Have we just been able to get people to stop talking about stealing and flaunting the proceeds of their theft or have we really succeeded in convincing Nigerians that corruption is a cankerworm that does no one good?
What do we need to do to get every Nigerian to believe in the work of the EFCC without any jot of doubt in the neutrality of the commission and others like it? What do we need to do to purge law enforcement agencies and even the office of the Attorney General of the country of actual or imagined executive interferences?
How and when will Nigeria attain a level of rectitude in which public agencies can call government officials, no matter how highly placed, to question without fear or favour? Aren’t these the type of questions the citizenry should be asking themselves about the EFCC?
These interrogations should not just be about the EFCC but all institutions that serve at the pleasure of the Nigerian people.

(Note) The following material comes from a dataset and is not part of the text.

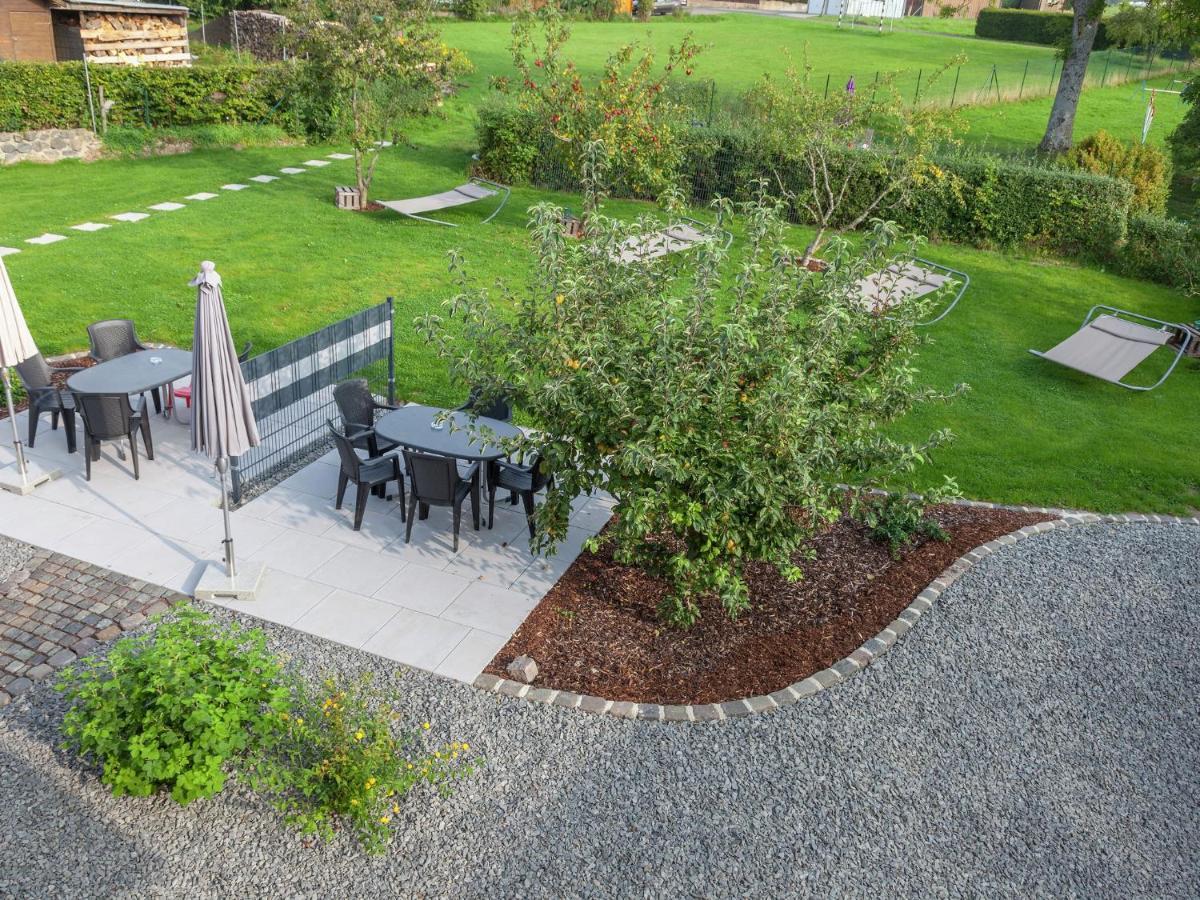 Lovely Modern Apartment With Private Terrace Ellscheid エクステリア 写真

The arrogance of office that we have in this country is itself corruptive and Nigeria is not going to change until we, the people, insist that the bodies set up by the constitution to serve our interests must deliver just what they were set up to do.
For all I care, the NBA president might have taken that position in the actualisation of an ulterior motive. That would be real shame but it does not matter, especially as we have no evidence. However, he is a Nigerian with rights to contribute to any discussion on the EFCC, so does the NBA, which he leads.
But on the contrary, the EFCC has no right to talk down on any Nigerian; the EFCC is no court and stands in no place to condemn anyone of roguery or any crime for that matter. If the commission finds any individual wanting, the law, as it stands now, allows it to investigate and convince the courts of the person’s crimes. This random vituperation is beyond the EFCC’s brief as they are beneath its weight as an organisation deserving of citizen’s trust and respect.
As a final point, the EFCC is not above reform, it indeed can only attain optimal performance through constant reforms. This body is a mere creation of man so it does not have the blessing of infallibility; let this chairman or any public servant for that matter not delude himself otherwise.